In several instances the rule has already been undermined. North Carolina has adopted the Uniform Reciprocal Enforcement of Support Act, G.S. 52A-1 et seq., § 52A-18 of which provides: "Laws attaching a privilege against the disclosure of communications between husband and wife are inapplicable to proceedings under this Chapter. Husband and wife are competent witnesses to testify to any relevant matter, including marriage and parentage." This provision appears to have abolished the rule in proceedings pursuant to the Act. A second instance is the implicit rejection of the rule as to criminal nonsupport actions by the North Carolina Supreme Court in State v. White, supra. Moreover, the General Assembly has recently taken the progressive step of abrogating the rule in all civil and criminal proceedings in which paternity is at issue. G.S. 8-57.2 (effective 1 October 1981).
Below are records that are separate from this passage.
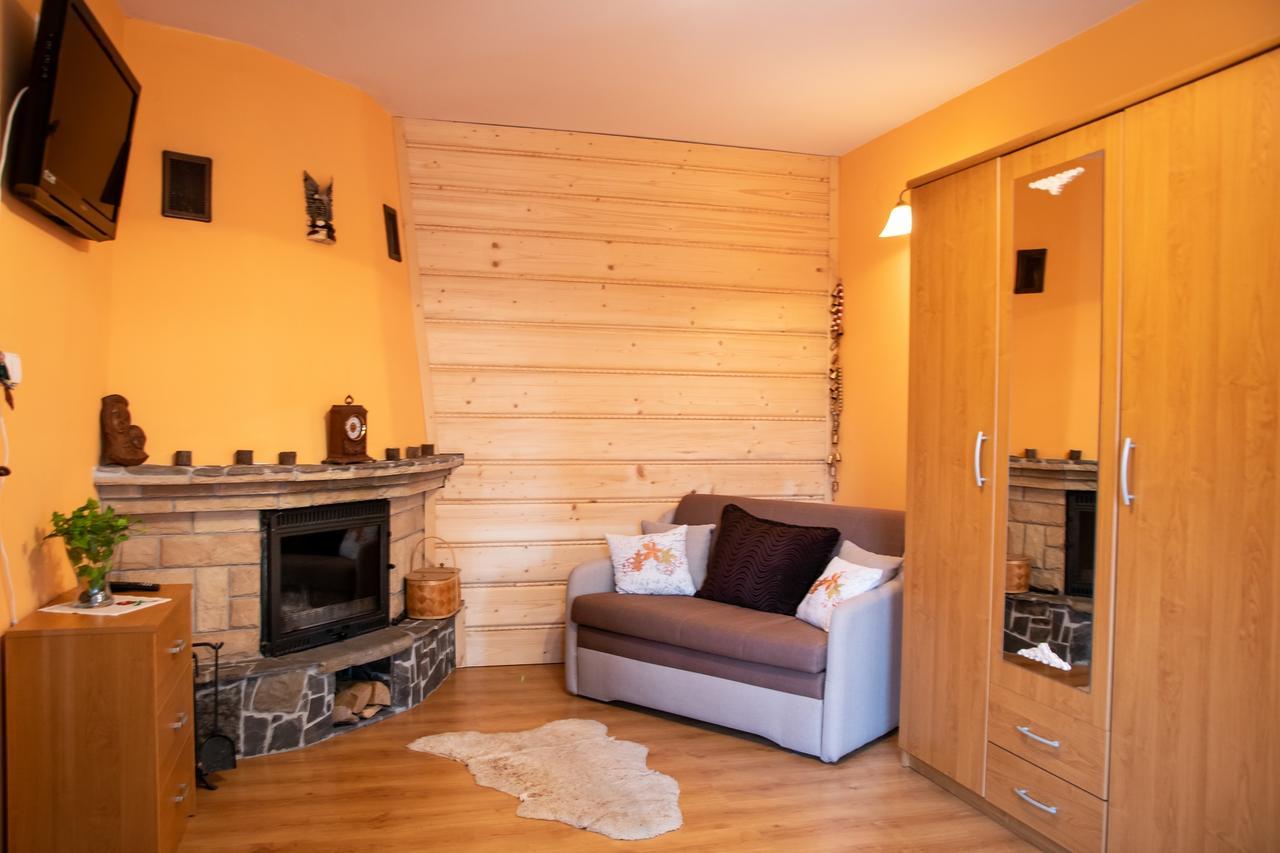 Apartament Domino - Krzeptowki 06 Zakopane Kültér fotó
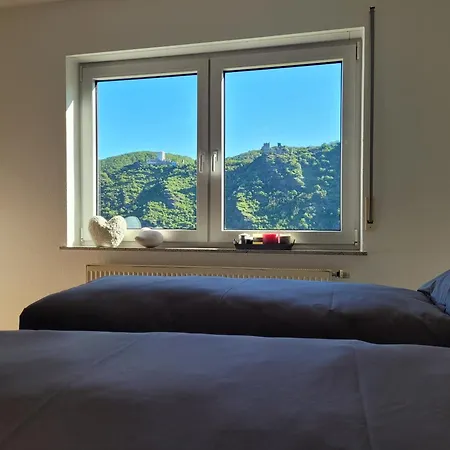 Appartement Rheinfunkeln & Burgenzauber Boppard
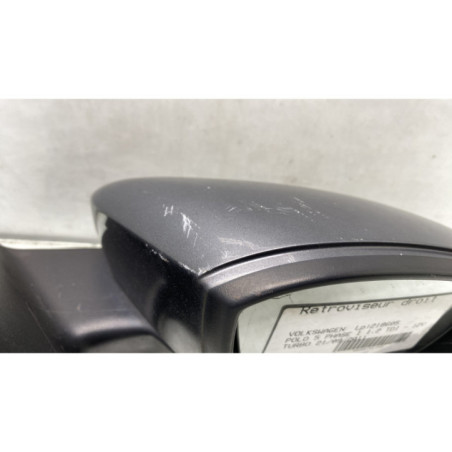 Retroviseur droit VOLKSWAGEN POLO 5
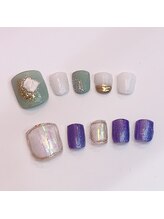 キティ 高崎店(kitty)/フットジェル定額Bコース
We conclude that there is no justification for a rule which excludes the best evidence of access or nonaccess and therefore tends to absolve the rightful father of his duty of support. The unfairness of the rule can easily be seen in the case sub judice. The plaintiff testified for the record that she had not seen her husband in five years and that she had had sexual relations only with the defendant during the time period in which conception occurred. Mary Troutman, a child support investigator with the Wake County Department of Social Services, testified that she had investigated in both North Carolina and in the plaintiff's husband's home state of New Jersey and was unable to locate him. There was no evidence that plaintiff's husband had ever been in North Carolina. These facts are clearly sufficient to rebut the presumption of legitimacy and allow a determination of paternity from all the facts and circumstances in the case.

Accordingly, the judgment is vacated and the case remanded for a determination of paternity and child support in accordance with this opinion.

Vacated and remanded.

VAUGHN, J., concurs.

BECTON, J., concurs in the result.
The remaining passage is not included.